- Born: 28 January 1951 Montreal, Quebec, Canada
- Died: 5 May 1989 (aged 38) Montreal, Quebec, Canada
- Education: Bachelor of Arts (Honours) in Fine Arts (1974)
- Alma mater: Glendon College at York University
- Known for: filmmaking
- Notable work: Home Feeling: A Struggle for Community (1983)
- Movement: Black liberalism
- Spouse: Paul de Silva in 1982
- Children: Zinzi de Silva
- Parent: Mairuth Vaughan Hodge Sarsfield

= Jennifer Hodge de Silva =

Jennifer Hodge de Silva (28 January 1951 – 5 May 1989) was a Canadian filmmaker. Her film, Home Feeling: Struggle for a Community, revealed tensions between and police and residents of the Jane and Finch neighbourhood of Toronto. The residents were mainly immigrants from Jamaica and Africa. She worked consistently with national organizations such the National Film Board of Canada (NFB) and the Canadian Broadcasting Corporation (CBC). She was the first black filmmaker to do so.

==Career==
In 1978 she worked with Terence Macartney-Filgate on the film Fields of Endless Day as assistant director and associate producer while she was a student. The next year she worked with him again as associate producer of the CBC documentary Dieppe 1942. She covered stories about the lives of Chinese-Canadian immigrants and Indigenous artists and covered social issues in diverse neighbourhoods.

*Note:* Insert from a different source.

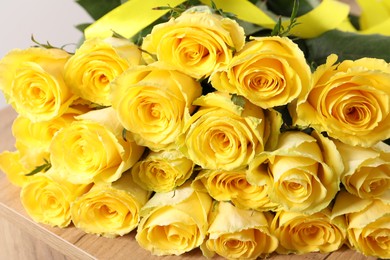 Photo of Beautiful bouquet of yellow roses on wooden table, closeup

Hodge de Silva directed a number of films during the 1980s that established the dominant mode in African Canadian film culture. Working exclusively in the documentary and often on sponsored films, she staked out a set of concerns and a mode of production that might be termed black liberalism.
— Bailey 1990

Cameron Bailey, a Canadian film critic and artistic director of the Toronto International Film Festival, acknowledged her work in his 1990 article later published in a film anthology. In his 1990s publications Bailey honoured the work of black filmmakers such as Jennifer Hodge de Silva. The forms of production in which she worked were 'marginalized'. At times she made films that were sponsored for organizations such as of Education and the John Howard Society.

===Home Feeling: A Struggle for Community===
Her 1983 documentary Home Feeling: A Struggle for Community, examining the relations between the police force and the black community, continues to be used in classrooms to this day.

==Personal life==
Jennifer Hodge de Silva comes from a family of women social activists — her grandmother, Anna Packwood and her daughters, Mairuth Vaughan Hodge Sarsfield (married to Cullen Squire Hodge) and Lucille Vaughn Cuevas.